The ASA therefore decided that Oak Furniture Land’s claims made on TV, YouTube and on its website were not misleading “because none of Oak Furniture Land’s furniture contained any cheaper material such as MDF or plywood” and conceded that the claims “no veneer in ‘ere”, “100% solid hardwood” and “solid hardwood” were “unlikely to mislead the average consumer into taking a transactional decision that they otherwise would not have taken.”
The ASA’s rare change of tune
The ASA’s complete volte-face is highly unusual which must go against the grain. Unfortunately, it has also come at a considerable cost to Oak Furniture Land, who attempted to seek an injunction to prevent the publication of the original ruling pending the outcome of the Independent Review, and a judicial review of the decision not to grant such a delay. Although it failed in those attempts, it has after great lengths succeeded in convincing the ASA to see the wood from the trees.
The ASA’s original ruling also highlighted the literal approach the ASA sometimes takes to advertising regulation. However, advertisers will be reassured by the knowledge that the revised ruling fell in line with Jason Bannister’s hope (in response to the original ruling) that “common sense will prevail", and fortunately (on this occasion) it has.
Is this the season for root and branch reform?
In spring this year, the ASA published Dame Janet Paraskeva’s Independent Audit of the ASA’s Commitment to Good Regulation. Fortunately, in this electronic age, publication did not entail the destruction of a large number of trees, because in truth, Dame Janet’s report was not accompanied by much fanfare and does not seem to have provoked much comment.
Perhaps that is because by and large, she seems largely uncritical of the ASA; and with good reason. The one aspect of the ASA’s regime that does seem to have generated some substantive ideas for reform is the Independent Review system.
The audit suggests clarifying that there are 3 possible grounds for complaint: new evidence; a substantial flaw in process; or a substantial flaw in the Council’s decision. It also suggests that in order to preserve the ‘independence’ of the ‘Independent Review’, the chairs of the ASA and of the Advertising Standards Board of Finance (ASBOF), the body that controls the funding of the ASA, should no longer act as assessors, assisting the Independent Reviewer. Dame Janet also suggests that the ASA should publish an annual review of its Independent Reviews.
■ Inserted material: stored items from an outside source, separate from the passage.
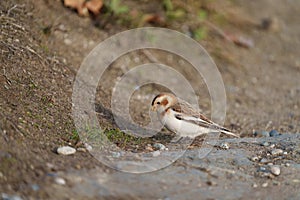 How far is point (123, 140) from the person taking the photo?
5.36m

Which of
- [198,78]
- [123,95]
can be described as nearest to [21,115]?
[123,95]

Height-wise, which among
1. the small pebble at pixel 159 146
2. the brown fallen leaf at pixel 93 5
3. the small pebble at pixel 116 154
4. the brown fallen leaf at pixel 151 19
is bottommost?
the small pebble at pixel 116 154

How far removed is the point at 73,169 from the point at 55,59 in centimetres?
268

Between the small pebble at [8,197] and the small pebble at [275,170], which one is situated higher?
the small pebble at [275,170]

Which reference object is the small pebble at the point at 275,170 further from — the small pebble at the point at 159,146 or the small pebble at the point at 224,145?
the small pebble at the point at 159,146

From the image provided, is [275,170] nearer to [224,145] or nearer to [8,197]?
[224,145]

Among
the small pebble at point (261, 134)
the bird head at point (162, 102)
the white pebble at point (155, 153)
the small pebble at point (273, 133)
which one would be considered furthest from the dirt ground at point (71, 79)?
the white pebble at point (155, 153)

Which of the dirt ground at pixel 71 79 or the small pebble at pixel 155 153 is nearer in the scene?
the dirt ground at pixel 71 79

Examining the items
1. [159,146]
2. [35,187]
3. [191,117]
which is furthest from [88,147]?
[191,117]

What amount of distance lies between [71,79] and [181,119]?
1.64 m

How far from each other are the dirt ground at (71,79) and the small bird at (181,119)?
25.2 inches

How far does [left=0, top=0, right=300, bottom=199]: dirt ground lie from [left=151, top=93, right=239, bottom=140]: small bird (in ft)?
2.10

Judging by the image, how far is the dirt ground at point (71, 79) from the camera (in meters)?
4.25

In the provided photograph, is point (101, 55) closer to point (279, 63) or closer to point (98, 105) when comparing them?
point (98, 105) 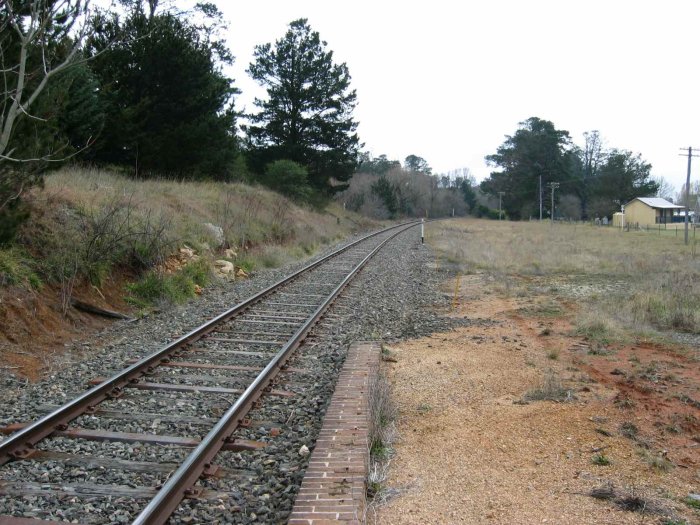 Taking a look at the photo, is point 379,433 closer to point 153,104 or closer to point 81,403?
point 81,403

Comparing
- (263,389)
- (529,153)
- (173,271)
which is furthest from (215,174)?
(529,153)

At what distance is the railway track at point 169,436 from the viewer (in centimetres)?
387

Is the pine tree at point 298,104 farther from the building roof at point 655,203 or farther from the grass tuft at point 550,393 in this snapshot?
the building roof at point 655,203

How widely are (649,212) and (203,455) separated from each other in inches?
3429

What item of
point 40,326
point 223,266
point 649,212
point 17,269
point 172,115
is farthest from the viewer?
point 649,212

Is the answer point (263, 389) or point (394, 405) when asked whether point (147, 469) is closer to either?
point (263, 389)

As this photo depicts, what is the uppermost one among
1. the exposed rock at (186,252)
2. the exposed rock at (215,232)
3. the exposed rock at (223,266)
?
the exposed rock at (215,232)

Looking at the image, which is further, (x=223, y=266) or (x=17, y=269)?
(x=223, y=266)

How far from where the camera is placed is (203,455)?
4391 millimetres

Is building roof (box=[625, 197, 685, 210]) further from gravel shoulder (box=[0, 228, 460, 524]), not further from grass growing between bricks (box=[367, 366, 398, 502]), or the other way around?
grass growing between bricks (box=[367, 366, 398, 502])

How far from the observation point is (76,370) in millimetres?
6785

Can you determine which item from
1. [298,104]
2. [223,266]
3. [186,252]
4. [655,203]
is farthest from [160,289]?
[655,203]

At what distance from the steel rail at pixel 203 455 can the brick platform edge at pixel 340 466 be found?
31.1 inches

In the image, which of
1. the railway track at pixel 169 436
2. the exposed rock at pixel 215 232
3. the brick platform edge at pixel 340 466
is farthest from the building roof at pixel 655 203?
the brick platform edge at pixel 340 466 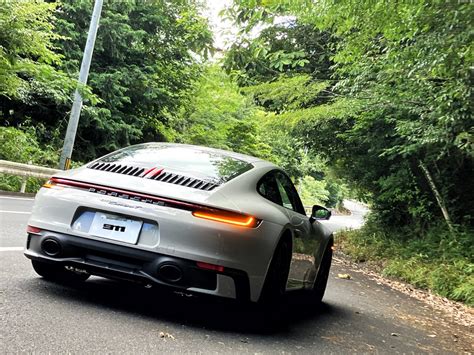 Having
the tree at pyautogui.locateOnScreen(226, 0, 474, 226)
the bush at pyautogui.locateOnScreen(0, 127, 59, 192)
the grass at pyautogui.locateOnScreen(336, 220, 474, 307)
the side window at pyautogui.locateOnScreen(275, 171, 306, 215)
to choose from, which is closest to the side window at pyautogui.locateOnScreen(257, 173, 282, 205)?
the side window at pyautogui.locateOnScreen(275, 171, 306, 215)

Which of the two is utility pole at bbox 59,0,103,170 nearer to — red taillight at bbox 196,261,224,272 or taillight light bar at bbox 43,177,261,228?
taillight light bar at bbox 43,177,261,228

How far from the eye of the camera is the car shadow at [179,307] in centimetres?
409

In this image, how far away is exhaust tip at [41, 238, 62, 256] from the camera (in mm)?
4027

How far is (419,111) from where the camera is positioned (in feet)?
34.0

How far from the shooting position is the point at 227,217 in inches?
151

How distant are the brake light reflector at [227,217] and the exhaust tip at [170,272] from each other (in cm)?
41

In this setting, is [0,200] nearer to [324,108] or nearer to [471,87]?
[324,108]

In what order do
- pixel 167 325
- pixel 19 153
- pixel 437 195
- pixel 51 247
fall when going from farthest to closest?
1. pixel 19 153
2. pixel 437 195
3. pixel 51 247
4. pixel 167 325

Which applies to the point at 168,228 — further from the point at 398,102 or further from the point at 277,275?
the point at 398,102

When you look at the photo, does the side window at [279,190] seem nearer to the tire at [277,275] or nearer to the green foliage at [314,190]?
the tire at [277,275]

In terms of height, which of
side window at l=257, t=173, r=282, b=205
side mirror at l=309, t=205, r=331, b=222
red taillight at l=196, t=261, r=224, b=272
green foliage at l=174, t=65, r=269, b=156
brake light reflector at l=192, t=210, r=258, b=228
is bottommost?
red taillight at l=196, t=261, r=224, b=272

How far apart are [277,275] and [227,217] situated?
80 centimetres

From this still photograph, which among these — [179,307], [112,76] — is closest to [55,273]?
[179,307]

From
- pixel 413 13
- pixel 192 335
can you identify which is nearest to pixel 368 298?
pixel 413 13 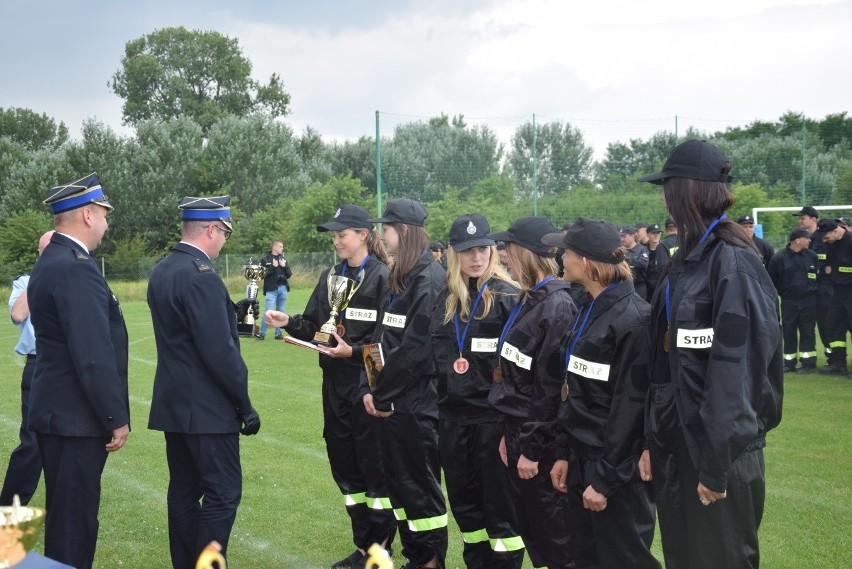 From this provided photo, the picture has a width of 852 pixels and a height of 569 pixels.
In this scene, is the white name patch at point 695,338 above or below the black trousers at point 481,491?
above

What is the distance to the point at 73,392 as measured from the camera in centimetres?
467

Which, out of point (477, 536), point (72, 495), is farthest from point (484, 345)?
point (72, 495)

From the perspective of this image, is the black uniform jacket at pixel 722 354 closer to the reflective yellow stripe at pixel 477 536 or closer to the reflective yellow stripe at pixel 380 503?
the reflective yellow stripe at pixel 477 536

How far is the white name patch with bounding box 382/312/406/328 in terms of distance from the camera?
563cm

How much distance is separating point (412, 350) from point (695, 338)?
2233mm

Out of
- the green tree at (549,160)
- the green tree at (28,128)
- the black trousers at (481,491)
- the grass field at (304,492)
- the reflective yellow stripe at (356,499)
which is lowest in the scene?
the grass field at (304,492)

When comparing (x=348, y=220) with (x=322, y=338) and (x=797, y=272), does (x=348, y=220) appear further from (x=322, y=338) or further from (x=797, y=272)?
(x=797, y=272)

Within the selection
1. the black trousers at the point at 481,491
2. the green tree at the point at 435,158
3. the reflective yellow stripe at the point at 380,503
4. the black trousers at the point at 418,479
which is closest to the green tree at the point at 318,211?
the green tree at the point at 435,158

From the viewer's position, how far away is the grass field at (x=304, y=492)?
19.5 feet

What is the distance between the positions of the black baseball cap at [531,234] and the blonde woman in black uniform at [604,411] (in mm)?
415

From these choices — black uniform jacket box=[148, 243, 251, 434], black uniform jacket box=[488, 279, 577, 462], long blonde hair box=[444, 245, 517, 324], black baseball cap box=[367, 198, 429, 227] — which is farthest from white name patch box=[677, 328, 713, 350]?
black baseball cap box=[367, 198, 429, 227]

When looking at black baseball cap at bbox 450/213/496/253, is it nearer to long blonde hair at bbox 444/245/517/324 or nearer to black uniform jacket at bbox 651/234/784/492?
long blonde hair at bbox 444/245/517/324

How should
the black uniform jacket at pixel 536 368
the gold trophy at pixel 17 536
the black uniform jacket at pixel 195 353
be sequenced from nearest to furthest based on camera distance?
1. the gold trophy at pixel 17 536
2. the black uniform jacket at pixel 536 368
3. the black uniform jacket at pixel 195 353

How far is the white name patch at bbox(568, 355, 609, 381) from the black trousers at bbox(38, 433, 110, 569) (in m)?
2.57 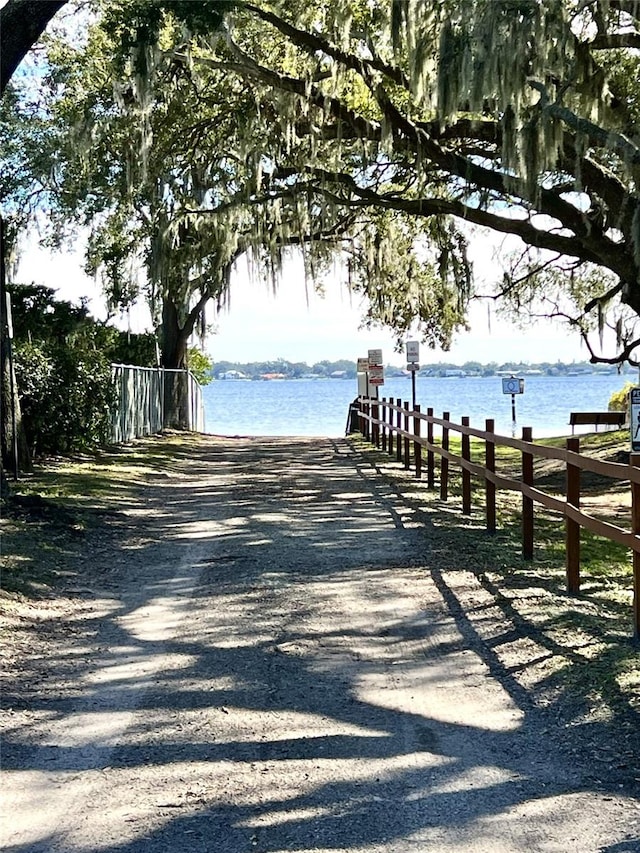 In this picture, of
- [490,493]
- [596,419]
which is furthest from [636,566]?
[596,419]

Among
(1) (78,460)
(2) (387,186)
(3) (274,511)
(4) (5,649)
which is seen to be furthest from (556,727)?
(2) (387,186)

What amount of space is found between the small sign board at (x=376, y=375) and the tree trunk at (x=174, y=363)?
20.6 feet

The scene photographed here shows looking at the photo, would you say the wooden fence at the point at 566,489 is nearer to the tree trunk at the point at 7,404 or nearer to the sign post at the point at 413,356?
the tree trunk at the point at 7,404

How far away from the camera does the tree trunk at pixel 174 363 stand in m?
29.8

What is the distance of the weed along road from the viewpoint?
147 inches

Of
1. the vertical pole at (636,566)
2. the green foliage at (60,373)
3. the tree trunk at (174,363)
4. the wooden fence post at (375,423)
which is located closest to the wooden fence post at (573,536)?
the vertical pole at (636,566)

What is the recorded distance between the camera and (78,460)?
680 inches

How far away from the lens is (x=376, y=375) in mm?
26812

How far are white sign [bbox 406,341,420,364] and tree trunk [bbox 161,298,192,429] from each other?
9.58 meters

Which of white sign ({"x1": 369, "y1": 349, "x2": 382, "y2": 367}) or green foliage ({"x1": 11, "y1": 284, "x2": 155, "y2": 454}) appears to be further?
white sign ({"x1": 369, "y1": 349, "x2": 382, "y2": 367})

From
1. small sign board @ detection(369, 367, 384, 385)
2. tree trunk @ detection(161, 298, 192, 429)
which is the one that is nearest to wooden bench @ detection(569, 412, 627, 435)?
small sign board @ detection(369, 367, 384, 385)

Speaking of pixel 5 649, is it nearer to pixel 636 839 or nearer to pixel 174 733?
pixel 174 733

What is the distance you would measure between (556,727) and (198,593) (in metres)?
3.58

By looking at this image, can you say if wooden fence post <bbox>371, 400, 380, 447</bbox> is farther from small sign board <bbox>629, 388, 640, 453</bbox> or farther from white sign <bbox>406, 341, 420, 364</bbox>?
small sign board <bbox>629, 388, 640, 453</bbox> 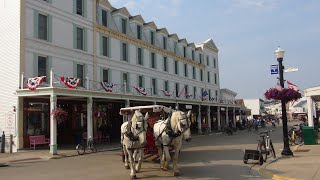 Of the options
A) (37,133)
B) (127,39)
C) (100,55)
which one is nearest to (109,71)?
(100,55)

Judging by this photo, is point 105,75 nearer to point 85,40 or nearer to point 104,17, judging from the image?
point 85,40

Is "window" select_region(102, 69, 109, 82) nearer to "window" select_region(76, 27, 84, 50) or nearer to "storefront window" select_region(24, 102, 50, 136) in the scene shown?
"window" select_region(76, 27, 84, 50)

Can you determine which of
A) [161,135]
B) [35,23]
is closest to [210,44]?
[35,23]

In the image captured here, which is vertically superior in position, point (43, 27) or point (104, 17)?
point (104, 17)

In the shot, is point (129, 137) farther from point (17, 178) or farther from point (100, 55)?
point (100, 55)

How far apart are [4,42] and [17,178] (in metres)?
14.8

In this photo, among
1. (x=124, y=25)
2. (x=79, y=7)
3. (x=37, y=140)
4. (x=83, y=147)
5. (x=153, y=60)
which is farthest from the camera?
(x=153, y=60)

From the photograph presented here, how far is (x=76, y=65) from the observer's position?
1106 inches

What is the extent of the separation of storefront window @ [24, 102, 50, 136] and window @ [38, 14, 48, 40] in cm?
473

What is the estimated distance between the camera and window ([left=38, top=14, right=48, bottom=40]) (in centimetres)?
2481

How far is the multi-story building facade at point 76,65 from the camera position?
23.3 metres

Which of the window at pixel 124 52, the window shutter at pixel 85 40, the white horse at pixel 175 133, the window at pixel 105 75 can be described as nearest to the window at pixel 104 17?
the window at pixel 124 52

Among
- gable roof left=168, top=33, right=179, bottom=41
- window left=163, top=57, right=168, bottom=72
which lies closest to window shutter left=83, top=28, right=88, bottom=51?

More interesting is the suggestion the ASA should conduct a review of good practice in independent review and appeal processes in other UK regulators and in advertising regulators in other countries and consider improvements it might make. Elsewhere in the report she states that the business representatives that she interviewed bemoaned the absence of an opportunity to make oral submissions.
When the ASA conducted a procedural review a few years ago, we suggested a system that borrowed some of the best features of the procedures used by the National Advertising Division of the Better Business Bureau in the United States of America, known as the NAD. Unfortunately, our views did not find favour.
Since then, we have also had the opportunity to experience the Dutch Advertising Self-Regulatory system, collaborating with our colleagues from the Global Advertising Lawyers Alliance in The Netherlands to bring a successful complaint for Garmin against advertising by TomTom. That system includes an oral hearing, giving both parties to the dispute an opportunity to state their case direct to the adjudicating panel, and to face questions from the panel about their submissions. The result was a relatively quick process resulting in a robust decision. Well, our client won, anyway.
Finally, we would also suggest greater clarity around the circumstances when the ASA will delay publication of an adjudication pending Independent Review, and the criteria to be applied when they make that assessment. Should that decision be left to the Chief Executive of the ASA, or should it be made by someone independent?
So, perhaps its time for the ASA to turn over a new leaf?